For studies with at most two siblings per family and a continuous study outcome, the optimal design strategy is to recruit EC sibling pairs. When the same number (more than two) of siblings is to be recruited from all families, the optimal strategy is to balance the exposure status within each family as evenly as possible. However, for studies with a binary outcome, the variation of the outcome is different across the two exposure groups due to its dependence on the mean (or prevalence). This needs to be taken into account and results in a more complex form for the optimal design strategies. Unknown values of p0 and p1 will make implementation of the proposed optimal strategies challenging. In practice, the underlying prevalence will almost always be unknown and will have to be estimated from the literature. In the absence of any empirical estimates, design strategies could be evaluated for a plausible range of values and then conservative estimates selected. Besides the aforementioned differences, studies with continuous and binary outcomes also share some common elements. Recruiting an EE or a CC sibling pair is less efficient in terms of study power compared to recruiting two E singletons or two C singletons. Furthermore, adding an additional control to E or EC families to form EC or ECC families is more efficient than adding a new C family with only a singleton.

Our results show that all study subjects in family studies contribute to study power, albeit in different degrees in different settings. The efficiency of a family study will therefore be compromised by the exclusion of any study subjects, even if these subjects are not easily compared to siblings who differ in exposure status. As pointed out by Frisell [9], even results from sibling designs have to be interpreted with caution as they can be biased by confounders not shared by the siblings. Given the availability of analytic techniques that account for correlated and non-paired data, approaches that do not include all available study subjects [5, 6, 27, 28] should be avoided in the interests of validity and study power.

We have limited our focus to scenarios involving families with no more than three siblings, or the same number of siblings in each family; this should be sufficient for evaluating the most commonly used sibling designs. R code is included. Optimal recruiting strategies for settings with more complex family structures are not presented, because the maximization of the non-centrality parameter becomes highly computer intensive, and it would be beyond the scope of the article to present the results in any detail.

Our approach was developed and illustrated for cross-sectional sibling studies without repeated measurements. In a longitudinal sibling study with repeated measures, the key difference is that the correlation structure will be more complex because of the added within-subject correlation. The theoretical basis for the approach developed here [21] does not assume a specific correlation structure, so the formula provided in section “General formula for the non-centrality parameter” in the Appendix could potentially be used to provide guidelines for longitudinal sibling studies as well.

We have focused on the quasi-score test, but in practice the Wald test is popular, despite its limitations for binary outcomes mentioned earlier.

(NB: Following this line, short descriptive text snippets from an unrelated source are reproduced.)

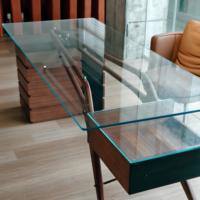 Bureau de style luxueux en bois avec plateau en verre, bureau d'ordinateur ergonomique durable pour bureau et salle d'étude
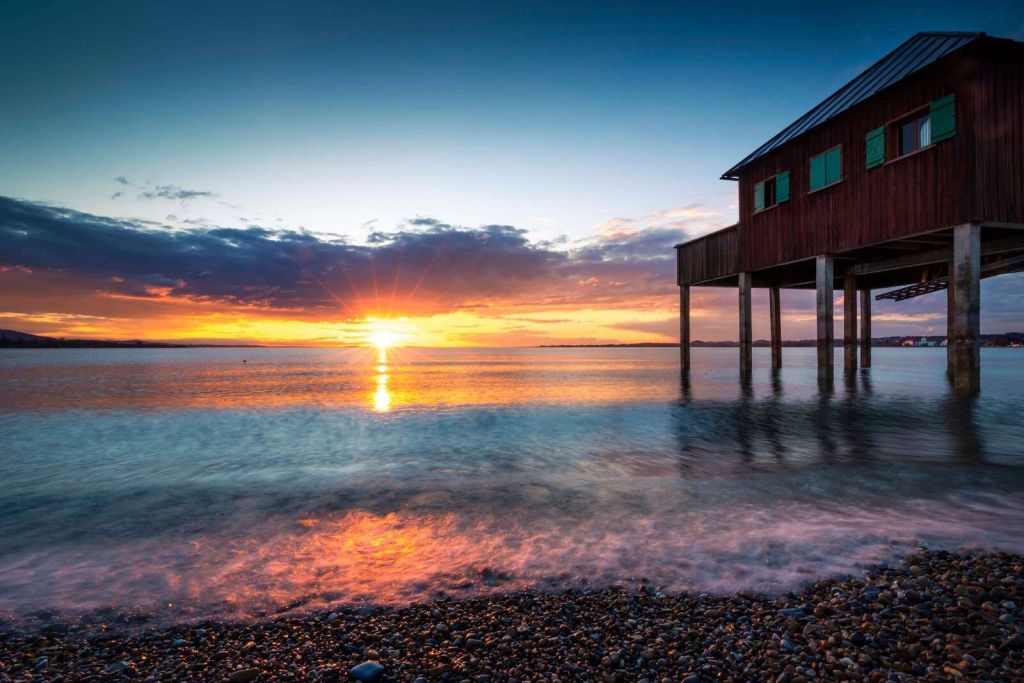 Zonsondergang aan rustige steigerwoning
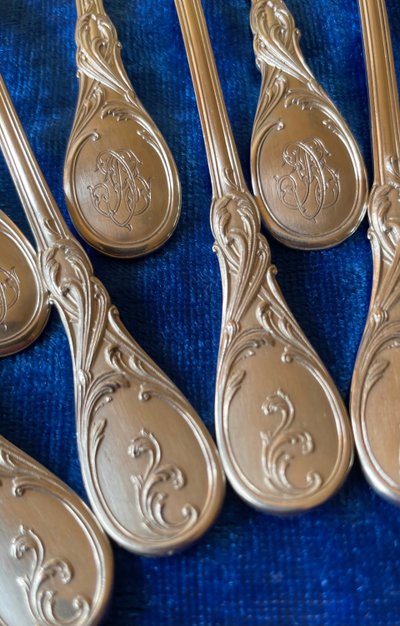 12 oyster forks.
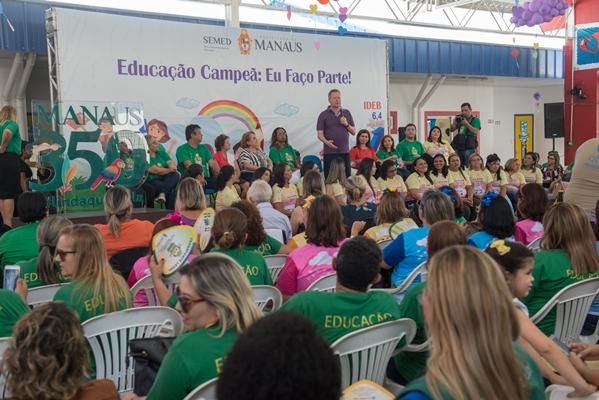 Dia do professor com muitos motivos para comemorar, diz Arthur Neto Dia do professor com muitos motivos para comemorar, diz Arthur Neto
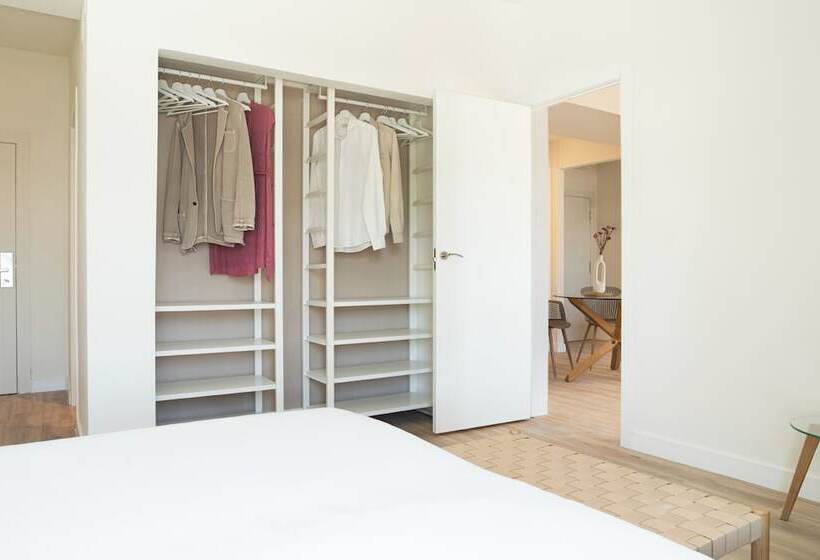 수피리어 스위트, Lan Suites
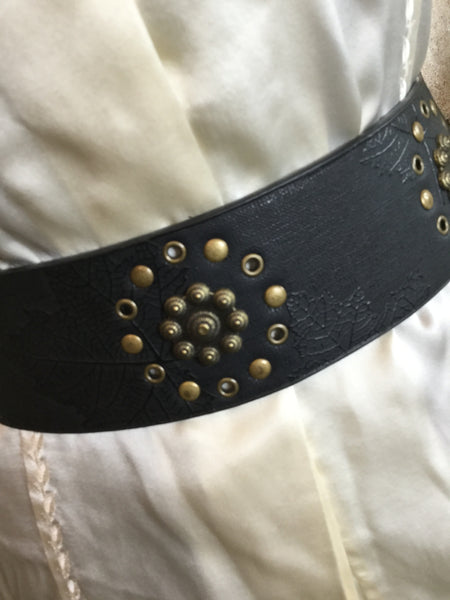 V leather stud wide black belt
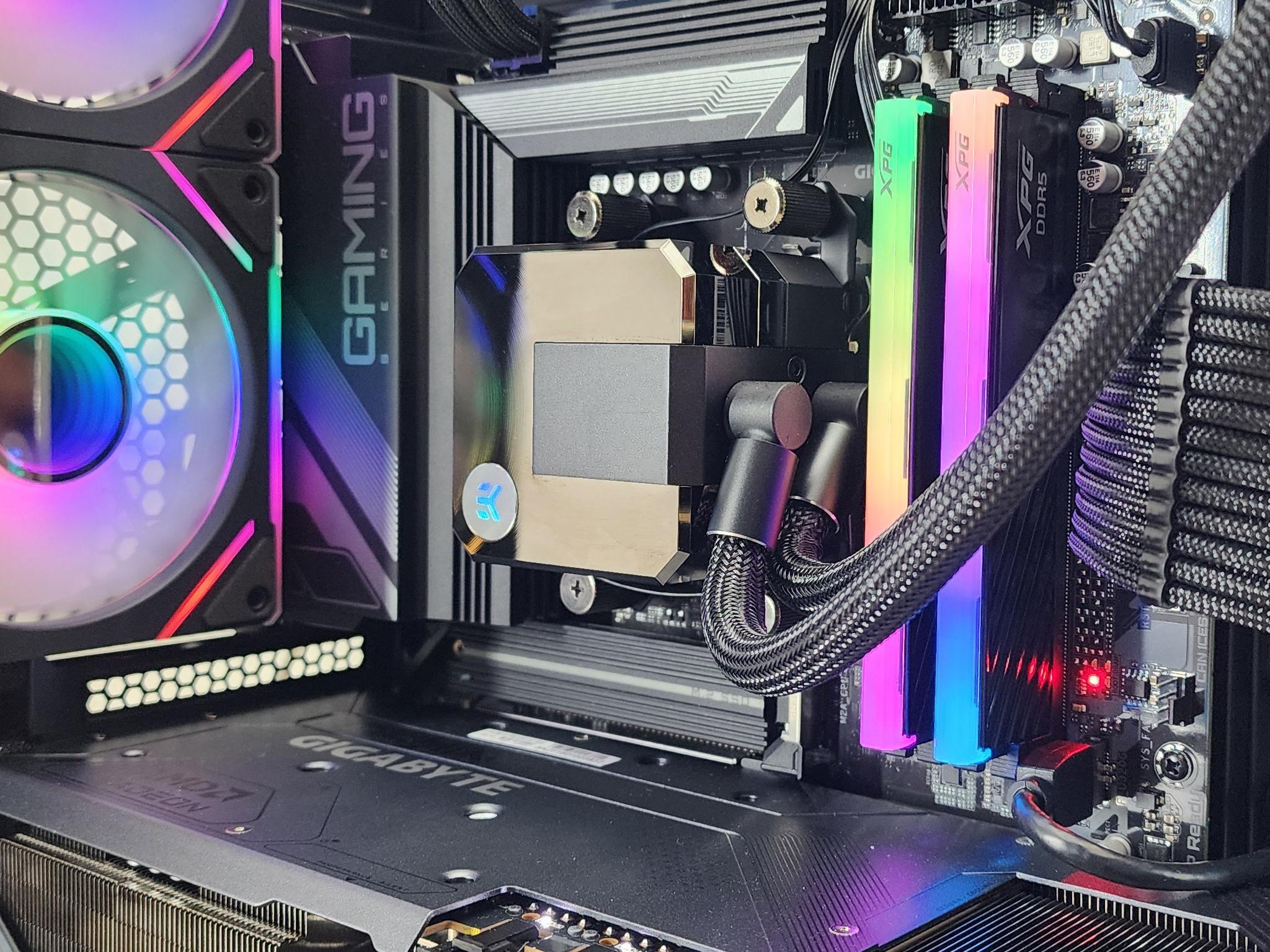 Gaming PC Ryzen 7 9700X 32GB RAM 2TB SSD RX 9070 XT 16GB Windows 11 Computer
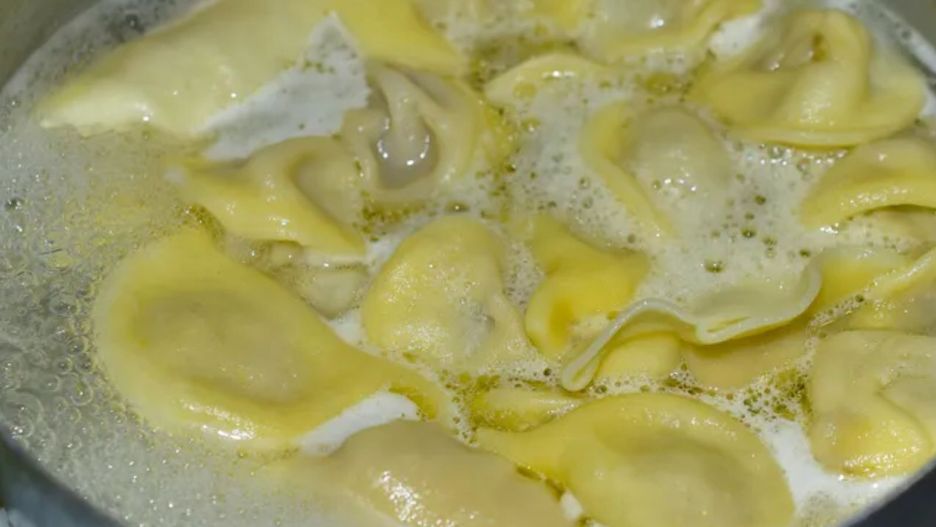 Odkryto ciekawą zależność. Gdy jesz, wzrasta ryzyko raka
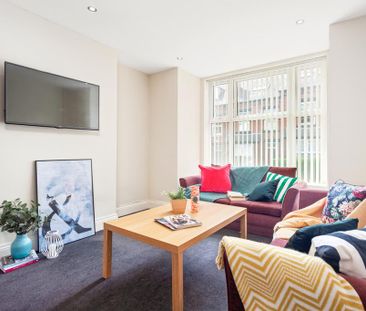 5 bedroom terraced house to rent - Photo 2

The optimal strategies proposed in this paper also apply to the Wald test in the case of continuous outcomes. An interesting topic for future research would be to compare the quasi-score, quasi-likelihood, and Wald tests in terms of optimal design strategies for binary outcomes.

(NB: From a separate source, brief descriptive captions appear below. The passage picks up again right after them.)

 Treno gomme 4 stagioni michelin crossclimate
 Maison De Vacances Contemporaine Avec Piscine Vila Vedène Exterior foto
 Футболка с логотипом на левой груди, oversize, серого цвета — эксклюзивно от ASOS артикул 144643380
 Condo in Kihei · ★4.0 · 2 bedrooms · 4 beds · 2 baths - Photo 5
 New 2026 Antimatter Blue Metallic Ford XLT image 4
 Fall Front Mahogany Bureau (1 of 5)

Our analysis defines study efficiency in terms of statistical power, ignoring any considerations relating to the relative cost of recruiting either exposed or unexposed siblings in different family settings. It can already be seen, however, that in common situations where study outcomes are positively correlated between siblings, the recruiting of EE or CC families might be easier and more cost effective compared to the recruiting of EC or E or C families, although this will be less efficient in terms of statistical power alone for a given sample size. When required, the trade-off between study cost and statistical efficiency could further be explored using the formulas in this paper given the costs of recruiting siblings and singletons.